List of Documents Required for New India Assurance Health Reimbursement Claim
The following details must be provided at the time a claim is made for the New India Assurance health claim settlement ratio:
- Receipt, bill, and hospital discharge certificate or card
- Summary of the care provided to you
- Bill and receipt from the attending physician, consultant, specialist, or anesthetist, as well as a certificate of diagnosis.
- Receipts for payment from the hospital(s), pharmacist(s), and valid prescriptions.
- Such pathological examinations are recommended by a doctor or surgeon.
- Reports of the pathological tests, the pathologist's receipt, and the attending physician's note.
- A doctor's certificate detailing the procedure's nature, together with the doctor's invoice and receipt.
- A post-mortem report, attached to the prescription if required.
- A properly filled out claim form, with the required documents attached to it.
- A photo ID for verification
- The attending Physician’s finding and the original note
- A blank check with your identity, or your bank details
New India Assurance may ask for additional documentation during the registration or claim processing period to verify and approach your New India Assurance health claim ratio.
Incurred Claim Ratio (ICR) of New India Assurance Health Insurance
The ratio of claims paid out by the company to the total premiums actually collected during that time is known as the Incurred Claim Ratio (ICR). It is a reliable method for letting you know how much you can trust a specific health insurance provider. It displays the speed at which claims are processed and the financial efficiency of a health insurance provider. The Insurance Regulatory and Development Authority of India (IRDAI) announces the annual report which informs us about the ICR figures. For the fiscal year 2020-21, New India Assurance's incurred claim ratio is 92.79%.
New India Assurance Health Insurance Claim Settlement Ratio (CSR)
The percentage of claims resolved by the company to all claims received during a financial year is known as the claim settlement ratio of New India Assurance health insurance. It is determined by dividing the entire amount of claims submitted by the overall number of claims that were successfully settled. The claim settlement ratio for New India Assurance for the fiscal year 2020–2021 was 4.45% for claims settled in more than three months and 91.99% for claims completed in less than three months.
New India Health Insurance Claim Settlement FAQs
1. How many different methods does New India Assurance provide claim settlement?
You have the option of using the cashless and reimbursed methods provided by the New India health insurance claim settlement ratio.
2. Can my claim request to New India Assurance be denied in any circumstances?
Yes. If the terms and circumstances of the policy you are insured under and the foundation of your claims don't line up, your request for a claim may be approved or refused.
3. How can I get in contact with the New India Assurance authorities regarding my claim status?
You can use the official website of New India Assurance and use the contact us tab to call on the toll-free 1800-209-1415 number provided to you or email the company through tech.support@newindia.co.in for the New India Assurance health insurance claim ratio. The company also has a section to fill in a short form with your name and phone number and the comment regarding your queries, for even easier access to the company.
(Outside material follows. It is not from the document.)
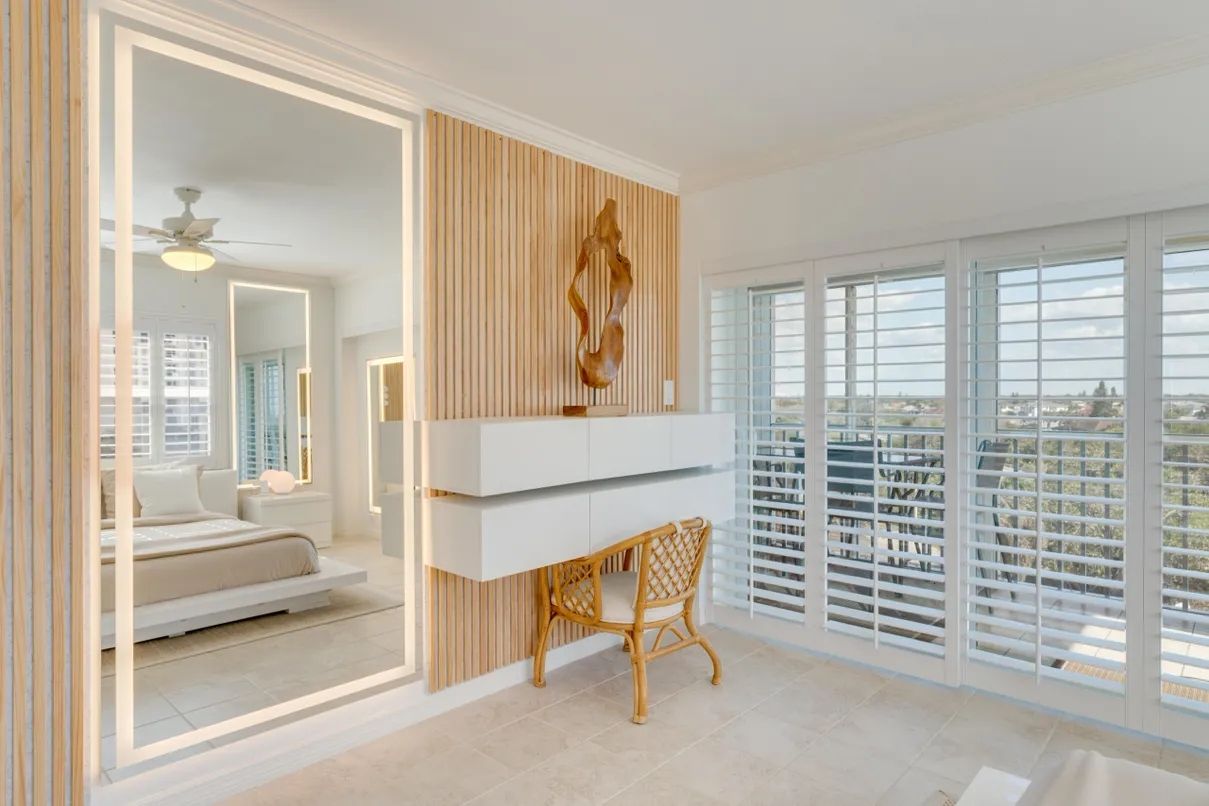 A modern bedroom with a bed, a desk, and a view through large windows.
4. What replacement obligations are there if the claimant misplaces the original New India Assurance policy document?
The policyholder must provide the indemnity bond for lack of policy paper, which must be printed on 200-rupee stamp paper and properly notarized if they have lost their original New India Assurance policy bond.
5. How many network hospitals do I have access to for cashless claims under New India Assurance?
New India Assurance gives you access to approx 3000+ network hospitals under all their coverages. Admitting into one of these hospitals while having a New India Assurance health insurance automatically gives you access to cashless claims.